Un projet colossal qui devra encore relever plusieurs défis
L’annonce du financement constitue une avancée importante, mais elle ne signifie pas que tous les obstacles sont levés. Un projet ferroviaire de 1 350 kilomètres représente une opération d’une complexité exceptionnelle. Les questions foncières, environnementales, techniques, sécuritaires et logistiques devront être maîtrisées tout au long du tracé.
La viabilité économique du corridor dépendra également de sa capacité à générer durablement des volumes suffisants de marchandises. L’exploitation minière annoncée devra donc progresser en cohérence avec le développement de l’infrastructure ferroviaire.
La transparence sur les conditions de financement, les contrats, les garanties éventuelles accordées aux investisseurs et la répartition des retombées économiques sera également déterminante. Pour la RCA comme pour le Cameroun, le défi sera de faire en sorte que cette infrastructure ne serve pas uniquement à exporter des matières premières, mais contribue réellement à la transformation industrielle et économique des territoires traversés.
Bangui-Kribi, une nouvelle colonne vertébrale économique ?

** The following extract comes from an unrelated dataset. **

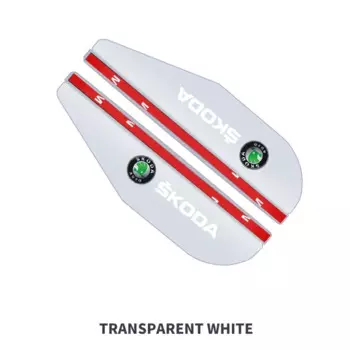 2 шт., прозрачные наклейки на автомобильное зеркало заднего вида Skoda Octavia 2 3 A7 Fabia Rapid Superb Scala Kamiq Karoq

Avec ses 1 350 kilomètres, ses capacités de transport annoncées et un financement de 6 milliards de dollars, le chemin de fer Bangui-Kribi figure parmi les projets d’infrastructures les plus ambitieux associés à la transformation économique de la République centrafricaine.

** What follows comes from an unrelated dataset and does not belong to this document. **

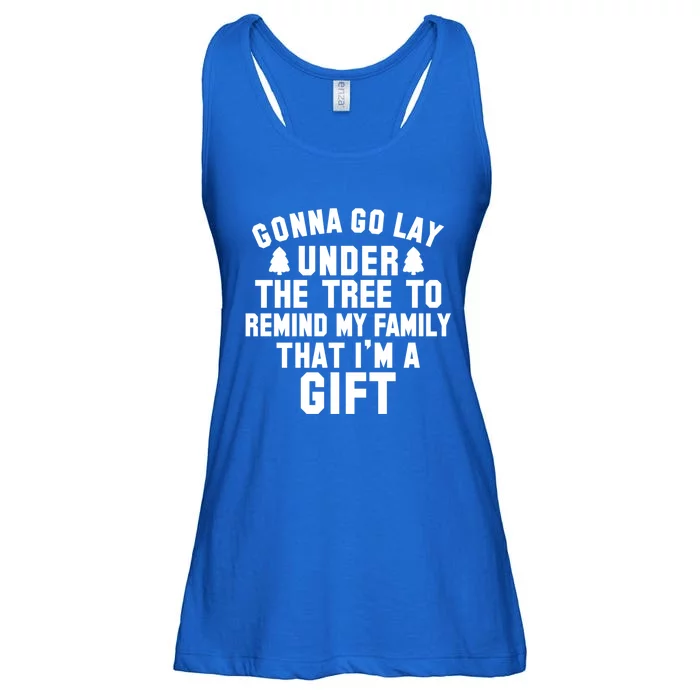 Funny Christmas Gonna Go Lay Under The Tree Gift Ladies Essential Flowy Tank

S’il se concrétise dans les délais annoncés, il pourrait changer profondément la géographie économique de la RCA en rapprochant ses zones de production des marchés internationaux. Le projet porte ainsi une double promesse : désenclaver la Centrafrique et valoriser son potentiel minier. Mais son véritable succès se mesurera à sa capacité à produire des effets durables sur l’emploi, l’industrie, l’agriculture, les échanges et les revenus des populations.
Après des années de contraintes logistiques, Bangui veut désormais regarder vers Kribi. Et derrière cette liaison ferroviaire se dessine une ambition beaucoup plus vaste : faire du désenclavement une rampe de lancement pour la transformation économique de la République centrafricaine.